Task statement: Although the data below contains pictures, output only the lines between those holding "Renault Trafic 1.6" and "shreeradhepearls.com", inclusive, exactly and without those pictures.
═════ Provided data
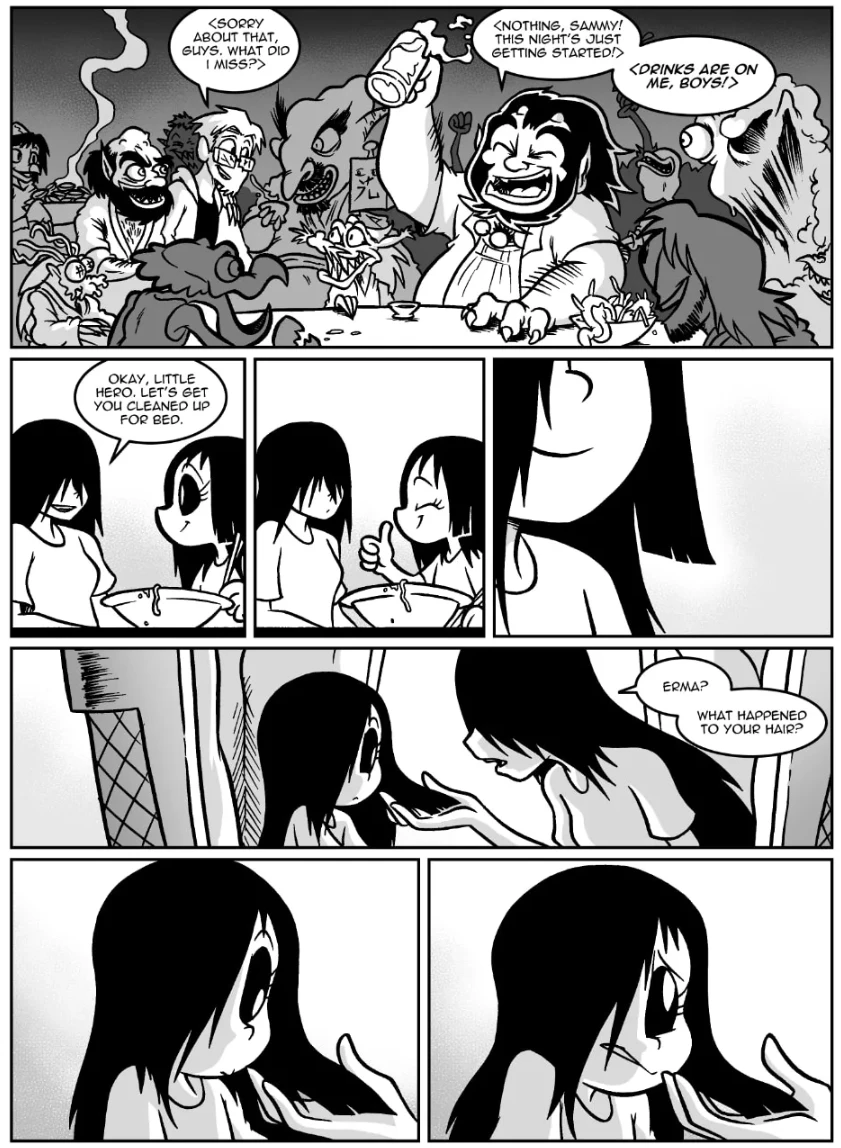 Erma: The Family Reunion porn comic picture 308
══════════
═════ Provided data
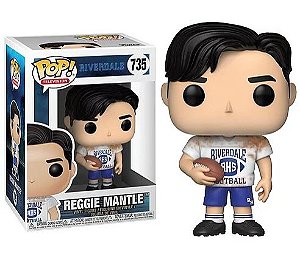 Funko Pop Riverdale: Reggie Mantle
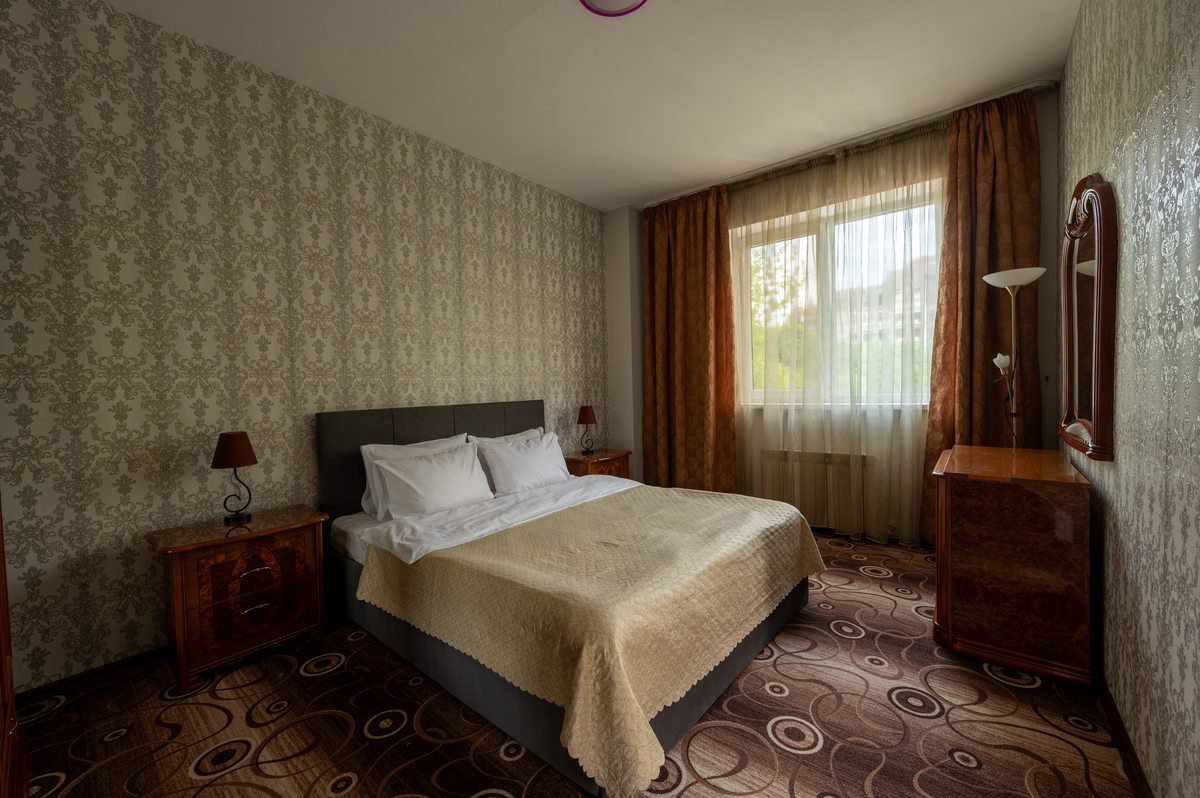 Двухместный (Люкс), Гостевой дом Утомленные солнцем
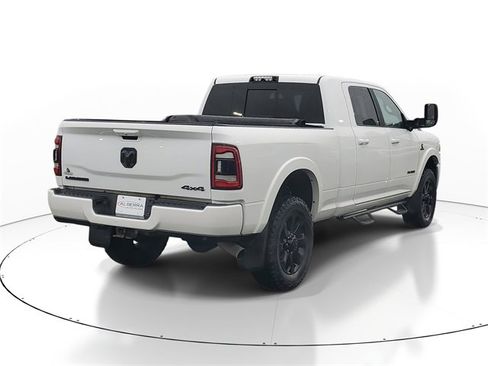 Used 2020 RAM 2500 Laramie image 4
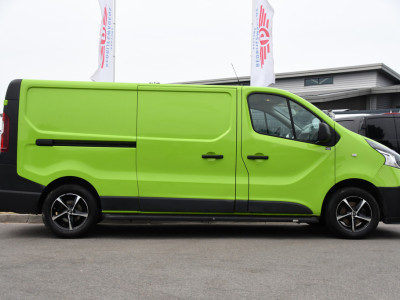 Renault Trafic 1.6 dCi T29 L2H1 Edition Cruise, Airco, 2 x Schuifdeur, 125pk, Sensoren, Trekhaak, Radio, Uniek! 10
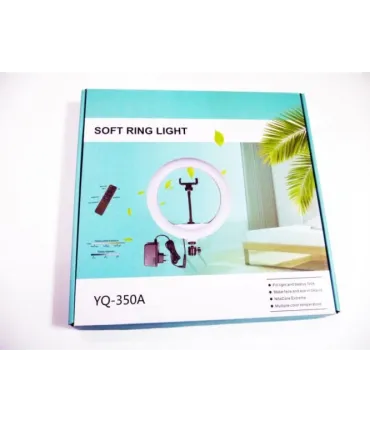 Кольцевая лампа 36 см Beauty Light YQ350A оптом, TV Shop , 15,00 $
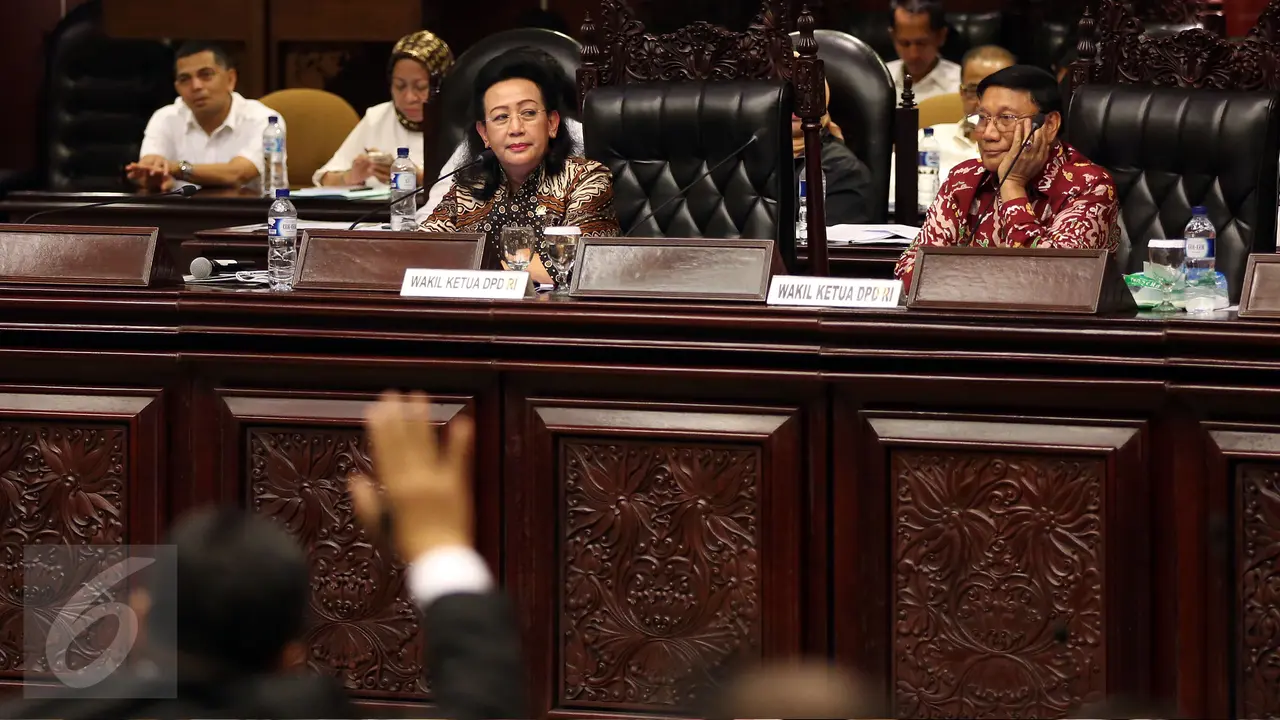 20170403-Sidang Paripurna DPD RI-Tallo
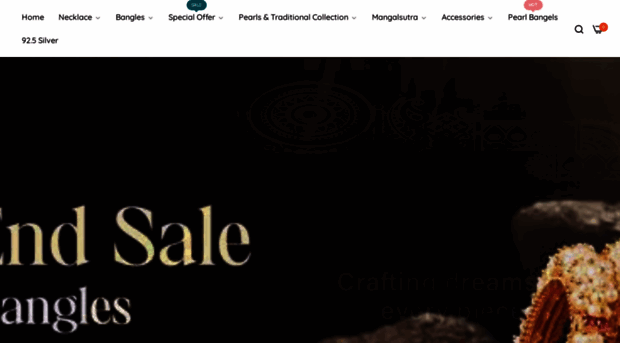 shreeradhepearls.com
══════════
Answer section:
 Renault Trafic 1.6 dCi T29 L2H1 Edition Cruise, Airco, 2 x Schuifdeur, 125pk, Sensoren, Trekhaak, Radio, Uniek! 10
 Кольцевая лампа 36 см Beauty Light YQ350A оптом, TV Shop , 15,00 $
 20170403-Sidang Paripurna DPD RI-Tallo
 shreeradhepearls.com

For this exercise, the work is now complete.